An evil plan formed it my head!!! While daemon was having a boggle
I sorted it all out. "I like your format big boy" i said. (I could
almost see his knees go floppy) The ps -A idea fell by the wayside
as the nasty idea grew. I sidled past him and hid a fork behind me
As he moved in for the kill, I grabbed the fork command from behind
my back and let him have it. He was well and truly forked now!
He didn't really stand a chance...
I gave EUNICE a call and told her all that had gone down.
"Great work SRUMAN!" she cried, "You've saved us"
(I began to hate myself, as there was no saving EUNICE...)
"You can go HOME now..."
"fabs!" I cried
As I entered customs (and they have some very strange customs
around here), I started to get excited about returning to my
own enviroment. I decided to synchron with localtime so that
I could have some idea of what time had elapsed since I had
left.
---
The customs official looked at me with distaste as I said,
"I have a declaration to make"
"yes?" he asked
"VAR X:INTEGER;" I said, even though I knew he couldn't speak
PASCAL!!!
Aaaaaaghh!!!! It's so good to be back!!!
(Join our hero next time in Sruman, part 5)
Na-na na-na na-na na-na
Na-na na-na na-na na-na
BATCHMAN!
Bruce Swadeshoes and Robin Banks had caught the villans once
again. I wish my life was as easy as theirs! It was so easy on
the movies, all you had to do was load the batch queues and the
villans would come falling out! They had no idea what it was
like in the real system. They didn't have to pass descriptors
around the system to cache the criminals. But, enough of this
recreation, its back to work for SRUMAN, System Saviour Extraordinairre!
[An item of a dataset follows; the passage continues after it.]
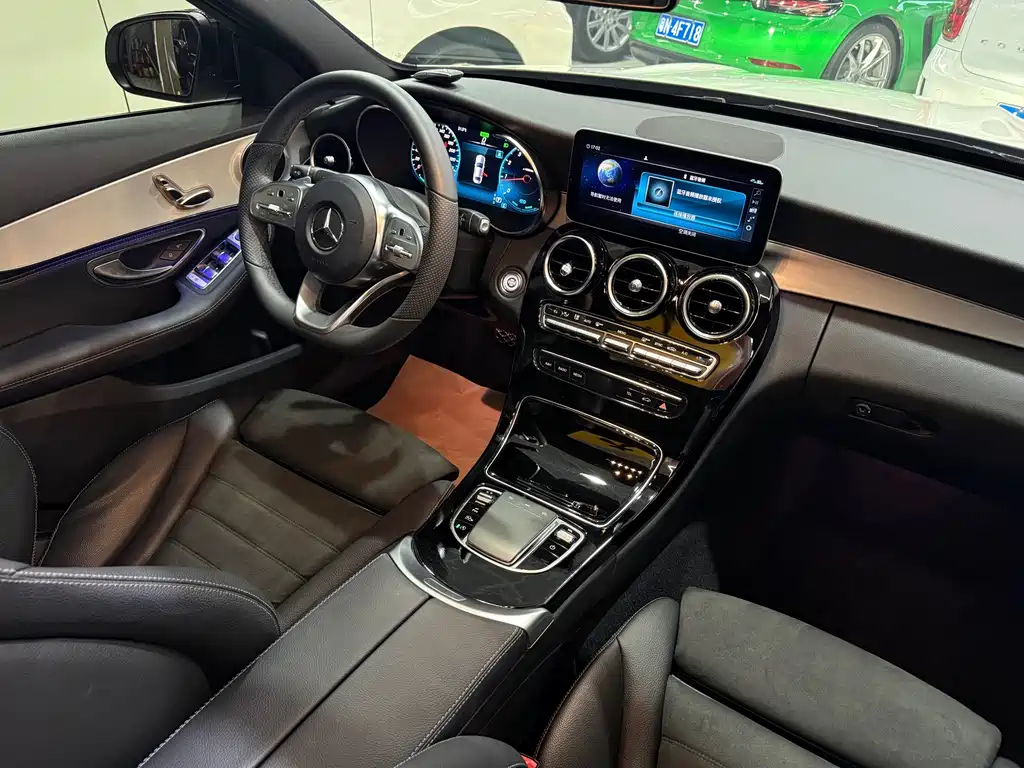 Mercedes-Benz C-Class 2020 — фото 6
Sruman - Part V (CCC_SPT @ Waikato Uni '87-88)
It was a normal day on the system. I hadn't seen any nefarious
activity at all, which in itself was pretty normal. My psuedo
apprentice LINK was coming along fine, although he tending to OBJECT
to the IMAGE that I had of him. I think he thought of me as some aged
wildcard, unable to perform any more of the sensitive OPERations that
had made me a directoryhold name throughout the System. And I think he
thought that I thought that he was a wet-behind-the-input-buffers young
process who wanted fame, fortune, and a steady income of quota. And he
was right, although that was a hell of a lot of thinking.
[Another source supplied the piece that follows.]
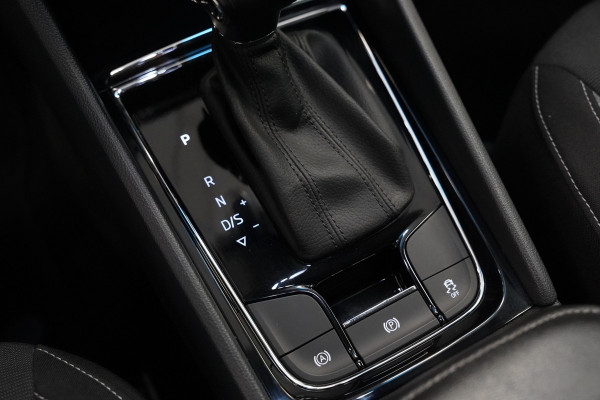 Škoda Karoq 1.6 TDI Style Business Cruise/Climate VCP Carplay Navi Automaat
On the spool of the moment, I decided to check out the tapes
as I had left them to their own devices for quite a while now.
"There's a lot of intuition in this job, it isn't always being in the
right place at the right time." I may as well have been talking to
NLA0: for all the attention LINK was paying me. Well, he would learn\
the hard way I suppose, everyone did.
We had just arrived when I heard a scream. A tape mark shot past my
head and hit my young apprentice, who had halted at the noise. "DUMP
yourself on the DECK!!", I $BRDCST'd but it was to late, another tape
mark hit him sparely in the input and blew his symbol table out. I
dashed to his side, but I knew it was too late, his references were
crossed, and his header was a goner. Before he EOJ'd, he spoke
"Well ", he gasped, "it looks like I'm about to deassign/all for good..."
"Try not to write", I said while I looked for diagnostic to help me PATCH
him up.
"It's too late, SRUMAN, I am going to that great SYSTEM in the sky,
where a process can run in peace, and there are no worries about primetime"
He gasped and slumped in my arms. I knew he was gone, his file id faded
and his fixed length 512 byte records became unsequential.
I looked about for the culprit. They had really got my BACKUP! I
decided to take a look at the tape in question. It didn't help me much,
she was foreign & we had troubles communicating. That was, until we got
an EXCHANGE going. She said she could identify the culprit. Her name
was MSA0:, and she said she was a medium. No problems, I thought to
myself, I mean just because every other medium I had come across was a
few bytes short of a block, didn't mean that she was too. When she told
me who the culprit was, I knew she was a few nanoseconds slow in the cpu
department. She said it was RSTS, and his dependant wife, RSX! Everyone
knew that they had both perished in the great VAX/PDP wars at the
beginning of the system, although rumours had been circulated about
headerless file of RSX, creeping about [SYSEXE], never fully being at
rest, looking for vengence, and a proper rundown.
The thought of these two being involved was ludicrous, even if they
were both active, they would be several versions old, especially RSTS,
and would have massive declining features to inhibit them. I just hoped
that DCL didnt get byte of this, as he still had memory of his battles of
acceptance against RSTS, and he was likely to get nasty should the word
get parsed around. MSA0 went on to say that she could feel through the
sub - ethernet, that they were also responsible for the mysterious
dissappearance of the Mona LSI!
Now that got me interested!! A while back, some criminal had stolen
the famed Mona LSI from under my very nose, and escaped into the reset
in some new-fangled gadget, fitted with a floating point accelerator.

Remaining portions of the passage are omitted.